Iteratively feasible optimal spacecraft guidance with non-convex path constraints using convex optimization

In this paper, a convex optimization based approach is proposed for solving the relative spacecraft guidance problem with non-convex obstacle avoidance constraints akin to sequential convex programming approaches proposed in literature, which require solving a sequence of simpler convex programs. However, contrary to existing approaches, the method proposed in this paper ensures that the iterates remain feasible as long as the first iterate is feasible and achieves monotonic convergence of the objective function. Significantly, the proposed methodology leads to anytime solutions, i.e., the computation can be aborted whenever needed and still return a quality solution, which is highly desirable for real-time operations due to potential unexpected situations and limited computation resources.

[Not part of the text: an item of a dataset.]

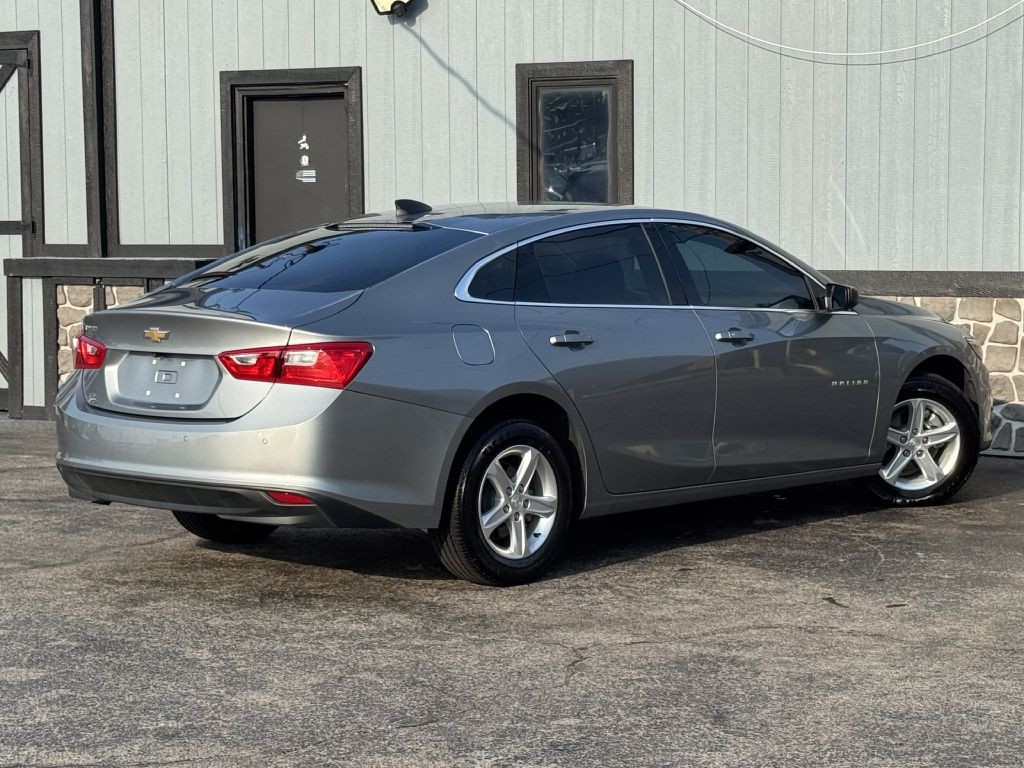 2024 Chevrolet Malibu Image 11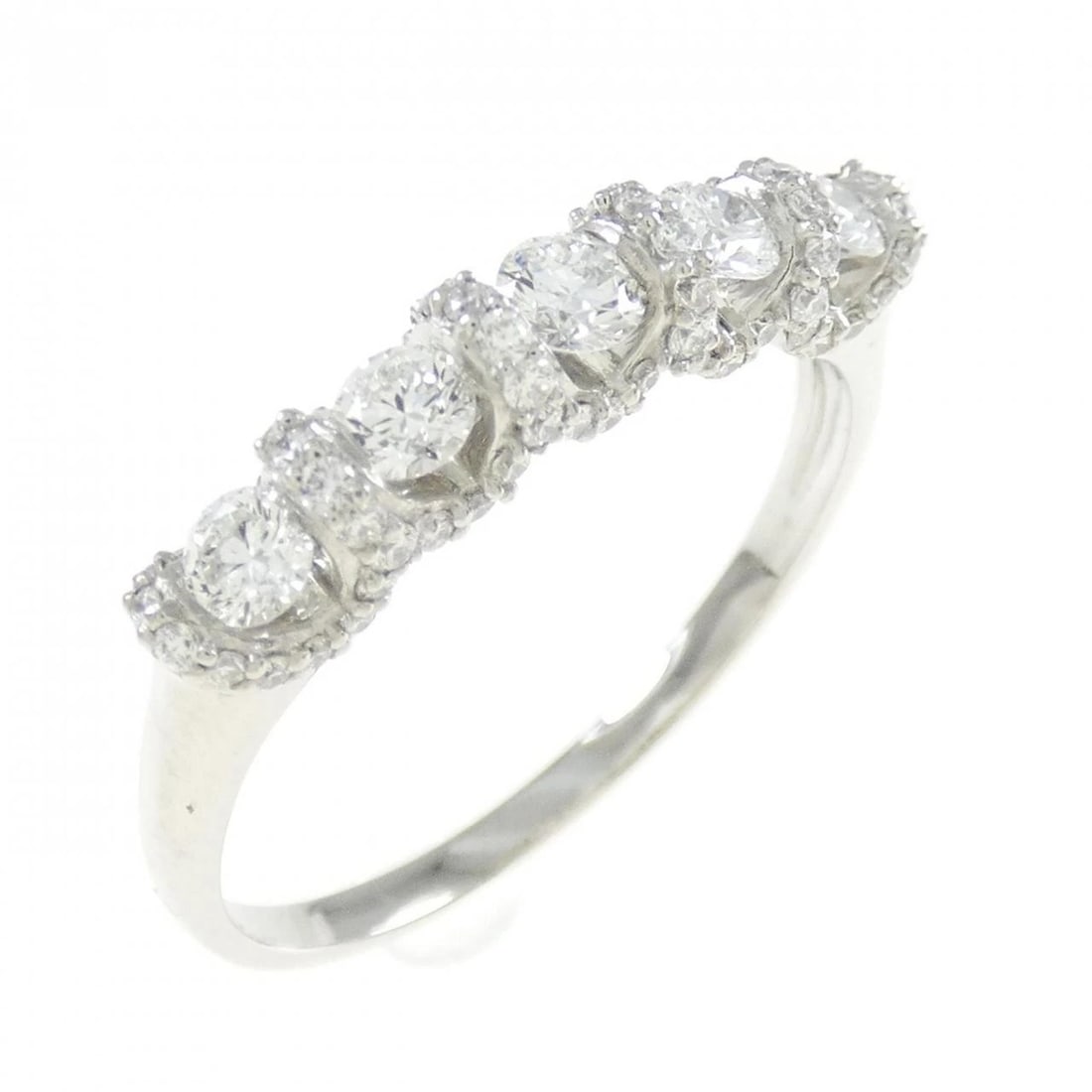 PT950 DIAMOND RING: PT950 Diamond Ring Brand: Unbranded Type: Ring Material: Platinum 950, Main Stone/Creation Natural Color: Silver Size: 9 ( US size) Accessories: None Accessories Notice: When purchasing pr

However, most existing methods only guarantee the correctness of the solution when they converge, whereas pre-convergence solution obtained can be useless or even dangerous when applied. The underlying methodology assumes linear dynamics with polynomial path constraints and relies on the convex-concave procedure and sum-of-squares programming to obtain tractable inner convex approximations. To validate the efficacy of the proposed method, a relative spacecraft fuel optimal guidance problem under Clohessy-Hill-Wiltshire (CHW) dynamics is studied under plume impingement, keep-out zones, and obstacle avoidance constraints.